A statue of the writer is erected in the village of Malaia Lutsynka, Volozhin district, Minsk region and a memorial plaque is placed on the site of his house. In Bobruisk, a bust of Dunin-Martsinkevich is erected in front of the theatre building and a commemorative sign is attached to the local Catholic church. In present days, a bust of the writer (by sculptor Yu. Platonov) has been raised on his tomb instead of the older cross. The image of Dunin-Martsinkevich is placed on a medallion, commemorative medals, stamps and postcards; a coin is released in his memory.

To celebrate the 175th anniversary of the writer, an exhibition was opened at the Palace of Arts in Minsk to present nearly 160 works of graphics, painting, decorative art, sculpture and posters dedicated to his personality and work, which were contributed by more than a hundred artists. 

The name of Dunin-Martsinkevich is attached to the Regional Theatre of Drama and Comedy in Bobruisk; the streets in Minsk, Molodechno, Ivenets and the village of Piarshai in Volozhin district bear his name. The Dunin-Martsinkevich literary museum was opened in the Piarshai school. There are plans to erect the writer’s monument in Minsk and a museum in Lutsynka.

In 1984, all works by Dunin-Martsinkevich were published in a special edition. In 2007, the first book of a two-volume Collected Works of Dunin-Martsinkevich, which includes his poetic and dramatic works both in original language and in Belarusian translation (if the work was written in Polish), was issued. Also, the comedy “The Nobility of Pinsk” was printed in five European languages in a single book.

Dunin-Martsinkevich’s works are included in school curriculum. 

His plays “Idyll”, “The Nobility of Pinsk”, “Matchmaking” were staged in many professional and amateur theatres. “The Nobility of Pinsk” was televised.

Belarusian composers take inspiration from Dunin-Martsinkevich’s works. G. Vagner produced an opera based on “The Nobility of Pinsk” and P. Pukst composed music to its theatrical production. U. Kurian created a musical setting for “Idyll” at the Kupala National Academic Theatre. I. Luchanok and Z. Yautukhovich wrote songs based on the writer’s poetry.

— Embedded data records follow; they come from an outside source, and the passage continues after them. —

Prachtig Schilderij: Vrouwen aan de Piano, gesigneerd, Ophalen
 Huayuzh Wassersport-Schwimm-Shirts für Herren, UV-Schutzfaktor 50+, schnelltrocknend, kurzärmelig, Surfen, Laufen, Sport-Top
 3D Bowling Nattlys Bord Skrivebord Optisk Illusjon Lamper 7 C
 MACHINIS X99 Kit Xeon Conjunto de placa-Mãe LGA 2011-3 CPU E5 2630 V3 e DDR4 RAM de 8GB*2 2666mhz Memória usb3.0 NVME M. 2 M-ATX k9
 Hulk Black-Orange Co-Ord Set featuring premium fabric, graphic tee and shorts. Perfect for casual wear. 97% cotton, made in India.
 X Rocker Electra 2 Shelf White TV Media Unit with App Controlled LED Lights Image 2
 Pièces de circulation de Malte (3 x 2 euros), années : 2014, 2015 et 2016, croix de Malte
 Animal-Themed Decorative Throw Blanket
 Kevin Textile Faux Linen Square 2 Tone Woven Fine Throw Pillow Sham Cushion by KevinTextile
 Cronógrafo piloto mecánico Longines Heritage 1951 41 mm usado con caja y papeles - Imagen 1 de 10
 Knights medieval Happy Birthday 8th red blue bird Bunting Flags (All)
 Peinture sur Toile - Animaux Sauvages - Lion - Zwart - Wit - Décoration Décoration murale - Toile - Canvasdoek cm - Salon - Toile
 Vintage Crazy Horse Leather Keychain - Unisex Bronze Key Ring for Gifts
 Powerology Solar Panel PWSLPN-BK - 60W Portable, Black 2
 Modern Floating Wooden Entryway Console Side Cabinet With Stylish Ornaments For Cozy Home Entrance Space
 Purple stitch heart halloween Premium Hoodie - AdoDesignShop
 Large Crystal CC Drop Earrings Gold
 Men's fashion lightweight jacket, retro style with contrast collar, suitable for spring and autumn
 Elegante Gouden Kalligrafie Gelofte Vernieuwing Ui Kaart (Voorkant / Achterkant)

The attention to Dunin-Martsinkevich’s personality and legacy is seen both in Belarus and abroad. His works are translated into German, Russian, Ukrainian, Polish and Latvian languages. The writer’s legacy was studied by the Polish, Ukrainian, Russian, English, German, Lithuanian, Slovak and Yugoslav scholars.

In 2004, the Fifth Rakov Readings on the topic “Vintsent Dunin-Martsinkevich in the Slavonic Literary Relationship” took place in the village of Piarshai, Volozhin district near Marstsinkevich’s Lutsynka.

The 200th anniversary of the writer was celebrated in Belarus at international level under the aegis of UNESCO.